Dh was much more interested in sex at the beginning and it then settled (after 4 or 5 years) down in to him having a lower libido than me. It has been me initiating things for a long time now but somehow it has now gone a step further where I get the feeling that he really wouldn't care if I never showed any interest again.
I have tried to talk to him about this and yes he couldn't do it (talk). Started squirming and being embarrassed and got annoyed and defensive. I once asked him (quite recently) if he could please put his arm around me while we were lying in bed. That took A LOT of courage, but he got annoyed and said "when I feel like it". I agree that people have to do things if they want to but what if, for lots of reasons, they never feel like it?
We have been together for almost 20 years so maybe it is just difficult to sustain a sexual interest in someone over this length of time?
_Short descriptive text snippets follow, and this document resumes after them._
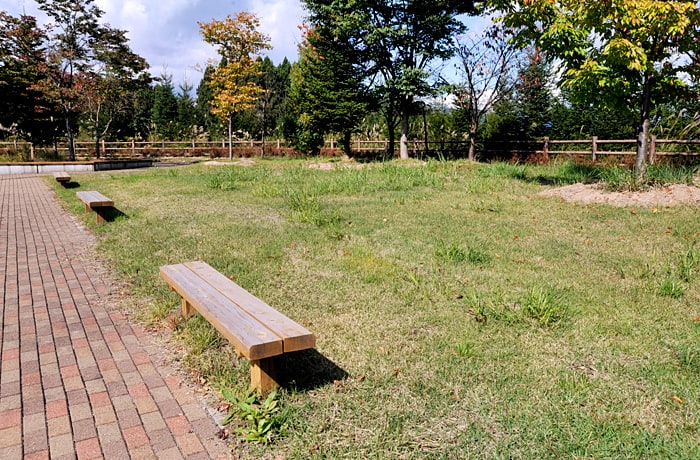 建物の近くには、ベンチが点在しています。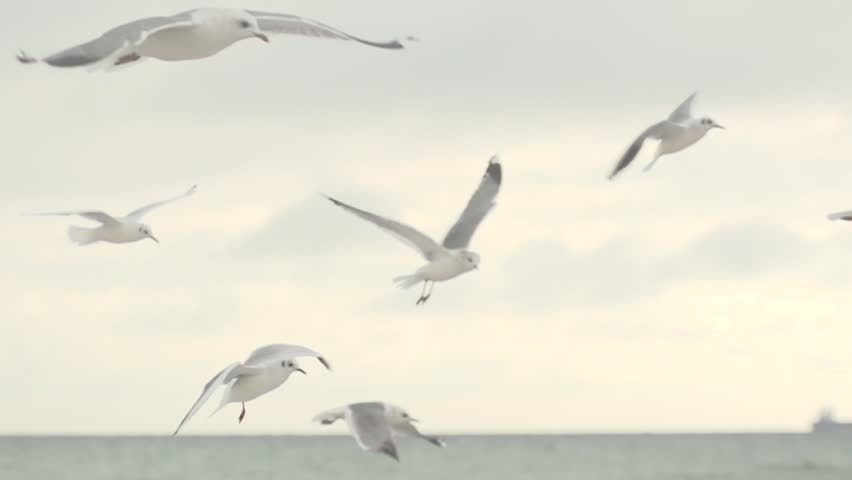 Header of hover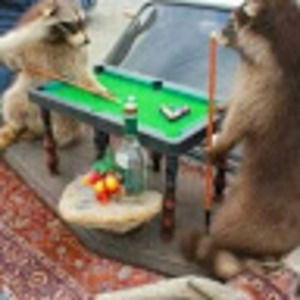 Meet your Posher, Seth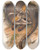 Triptych art skateboard deck of John Gould The Mammals Of Australia Pl079 by John Gould (1804-1881)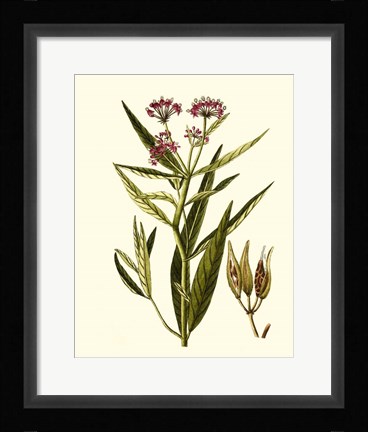 Framed Olive Greenery VIII Print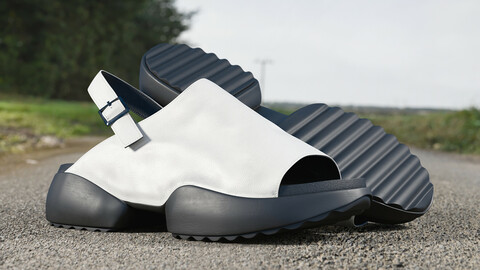 Realistic 3D model of Womens Shoes 2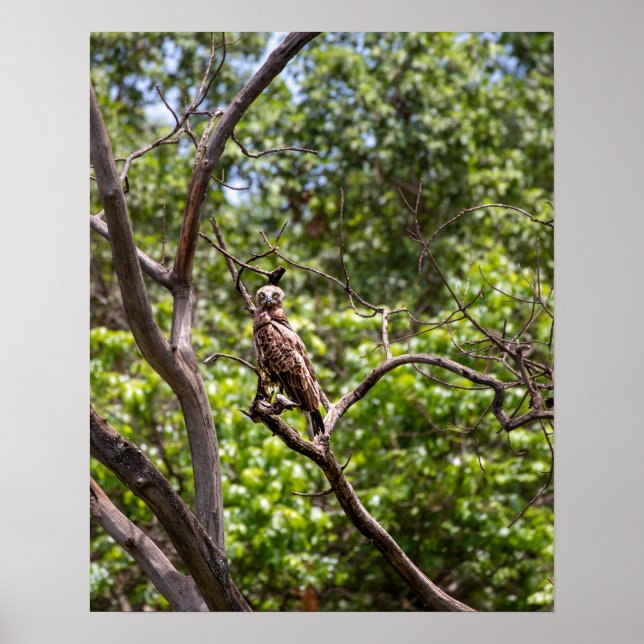 Póster Águila de serpiente marrón - Sentinel de los cielo (Frente)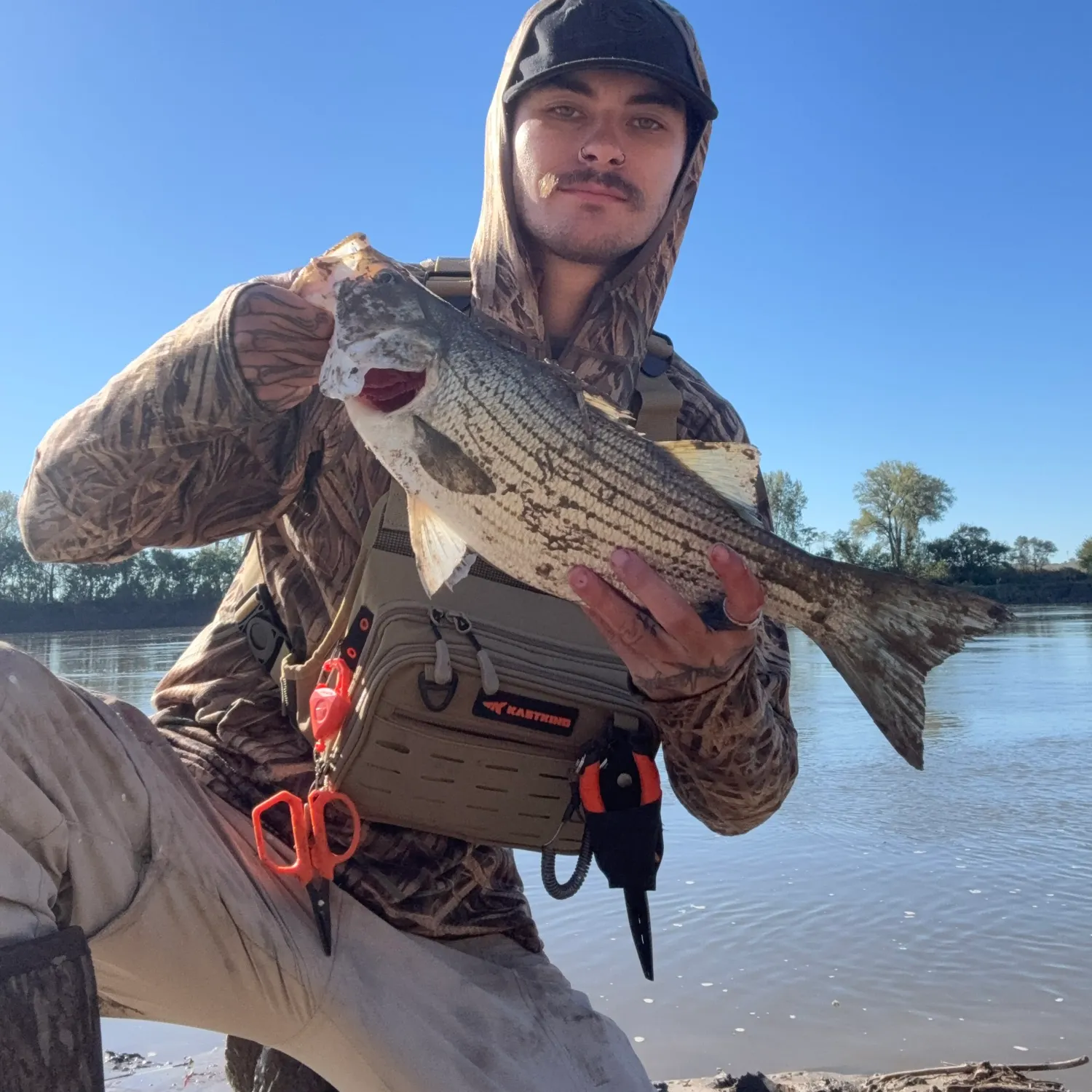 The most recent Wiper catches on Fishbrain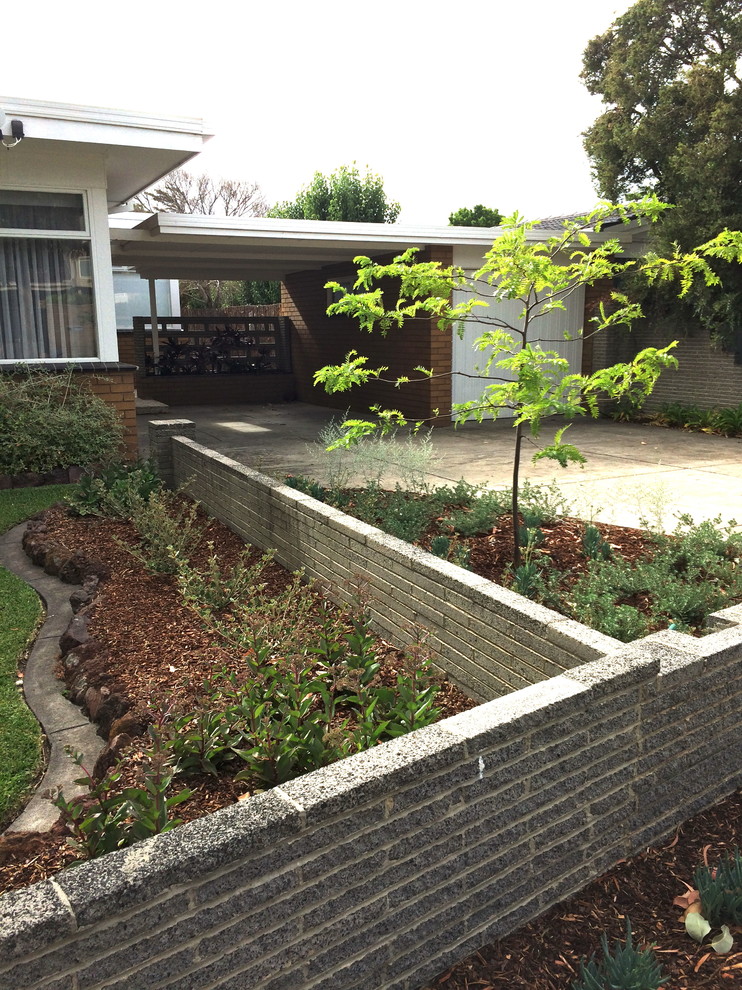 Small midcentury front yard xeriscape in Melbourne.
I agree that 46 is too young to give up on sex but what if your partner is older and is the one who is driving this (or seems to be)? I sometimes lie there thinking that I won't make a move towards him any more and see how long it takes him to show me any affection. Then I bargain with myself thinking that if we get to a year, then I have my cue to leave.
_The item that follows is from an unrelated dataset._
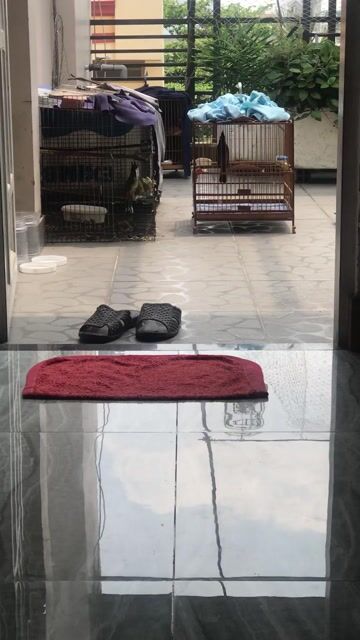 Chim chào mào gần 2 năm hàng sẩy. Mua bán Chim tại Quận Gò Vấp Tp Hồ Chí Minh được đăng bởi ace mua goi nha hình 1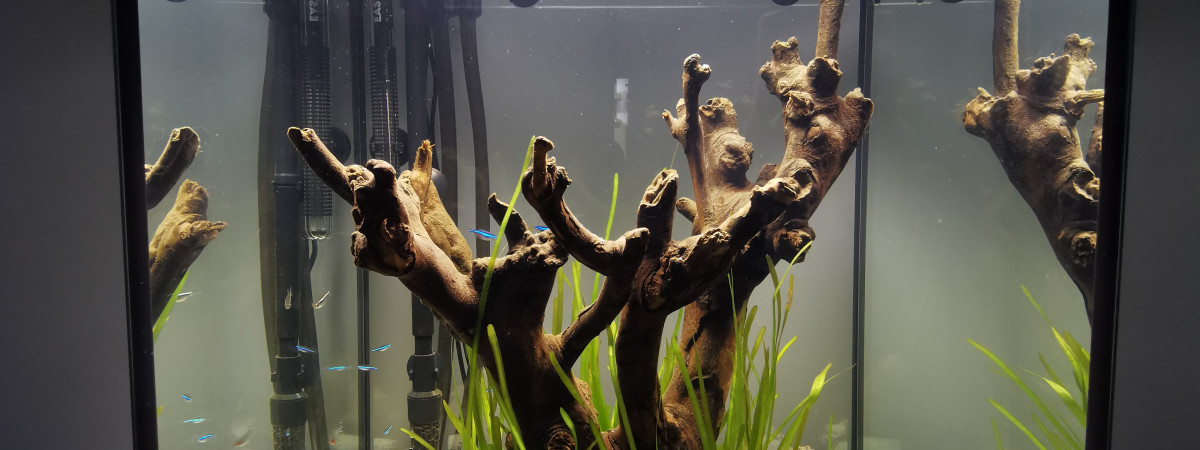 aquarium Giorgia May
In reality though I would find this very difficult to do and h knows this, which is why he can afford to ignore any need for intimacy / affection that I have.
I think dh is hormonally different to how he was yes, and is much more tired, but he can still "perform"
. It's just soul destroying to feel that you are almost "mauling" someone so then I think I am just going to give up. It takes him ages to put both arms around me or any arm around me in fact and I think bloody hell am I that unattractive. I think he could take me (no pun intended!) or leave me basically.
Maybe if I stop obsessing about it for a bit - lying in bed getting cross because yet again he has got in and is lying all scrunched in on himself on his side of the bed - the pressure will be off and he will feel more like being close. I am not holding my breath however.
He can be cuddly at times (not often) in bed, but only ever if I engineer it and drape myself round him - it gets tiring to be the one to do this all the time. He as good as told me that he doesn't care in the conversation where he started to cringe - he said something about not caring about not being "fertile" (euphemism for having sex basically) and I said that that "not caring" involves me as well. He is quite self centred though so I think he thinks things just are how they are at the moment, and that's that. He said "everything is ok" - I was thinking no it's not - not when he is able to give the dcs hugs but never touches me.
Maybe our relationship is essentially over but we are just living together looking after the same kids??